René: It’s very individual. We have played in Maputo three times. First, was a community concert for people who could not afford the club. We played in the neighborhood where we rehearsed. People danced, kids danced, mothers and sisters and everyone danced. The second gig was quite cold. People did not dance. They sat in a room; it was an air-conditioned room so it was more like a concert. The third show, I felt that I could really go far with them. We could really play deep stuff and people would continue dancing. If you look at today’s show, people were sitting down watching until you invited us to dance and only then did everyone rush down from the stands. It was as if you had to give us permission. Don’t you think sometimes, especially in cozy spaces, that the audience feels they need exactly that license?
Rolando: Yes. Sometimes when people see a musician on stage, if they don’t have permission they feel that okay, maybe we should just sit and watch but if the musician invites the audience, here you get to see whether they like the music or not. Like at HIFA you could see that, oh! People are enjoying it!

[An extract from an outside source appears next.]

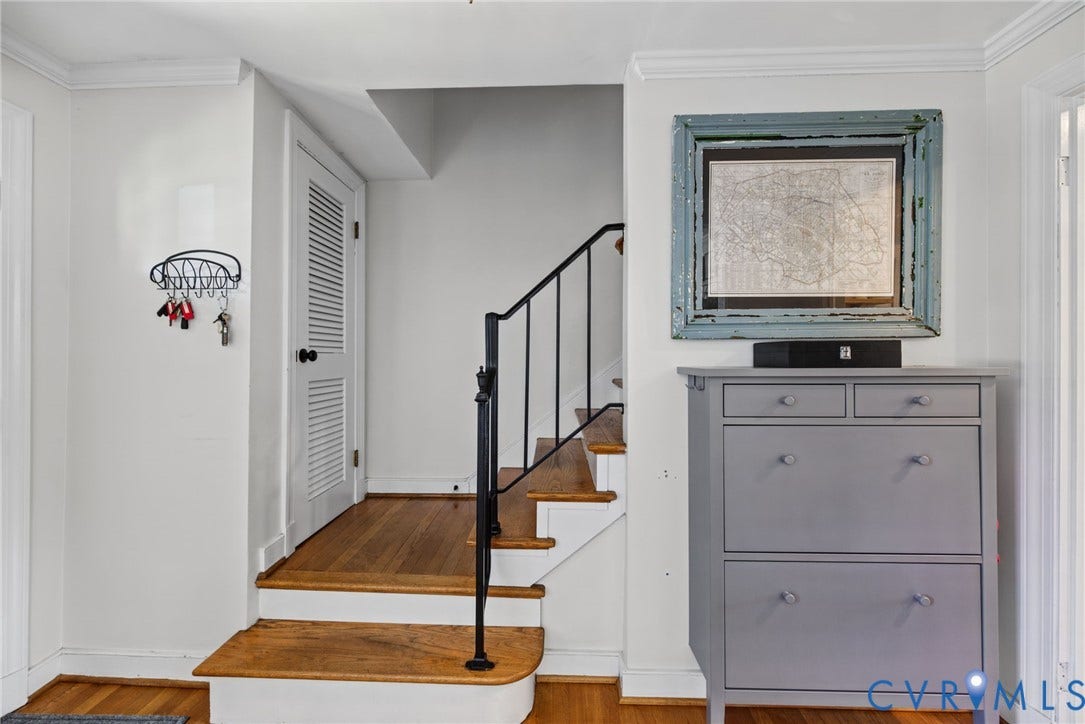 1009 Malvern Avenue, Malvern Gardens, Richmond, VA 23221 Staircase featuring wood-finish treads, white risers, and a black wrought-iron handrail, accented by crown molding and a louvered closet door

Any plans for the band to collaborate with other artists?
René: I’m open to a lot of it but I feel that I’m okay with these five people. Matchume recorded some music with a Congolese guitar player - Max. I even translated some of his stuff into the music. It would be nice maybe for the next tour. I’m hoping to but it’s always a question of taking more time and needing more money as well.
Alex: Always. That is why I am here - to grow in my profession. The music is my work. That is why I live. But I am happy with the group. I have never been this happy, especially today.
Alex: We need more.
Rolando: Everyday. If from here I meet someone and we say okay, let’s have another collaboration, I’ll be ready to go there because always when you meet new people, you meet new rhythms, new dances. We never say it’s over, I’m done here, It’s enough here. No.
It’s interesting how you have such varied opinions and yet work so well together. Does that come easy?
Alex: No, it’s not easy because these are five minds that we need to unite into one.
What does it take?
René: We’ve been in the business playing music for a long time and every week you’re in a new situation. Maybe you have to cooperate with someone new and in the process you’re developing yourself in different contexts. It takes energy but it gives a lot of energy back.
Okay, 5-in-1. What did you think of your HIFA performance, of HIFA? How do you like Zimbabwe? Are you coming back?
Rolando: People of Zimbabwe are great people. I love them. I think they love me. It’s my first time to HIFA and I enjoyed it. On first performance here was intimidating because this is a big festival full of music superstars but after that I went to see a few people perform and I told myself to be original and do what o know best. That is why for me today’s concert was different from yesterdays’. All of us today were open but yesterday we were nervous. For me it’s a great festival. I would love to come back every year.
Alex: I am grateful to be in Zimbabwe. It’s my first time in Harare. I love it. It’s so quiet. About the performance, I loved it. Yesterday like Rolando said, we were nervous. It was so difficult to understand what was happening around. Today we were so free, so open. I enjoyed the concert. I enjoyed the people who came to see us. I enjoyed everything. Tomorrow we’re leaving but we’re leaving with good spirits about Zimbabwe and I hope to
come back to HIFA next year.
René: If I may borrow the words of an artist I heard yesterday. “It’s a great place of music!”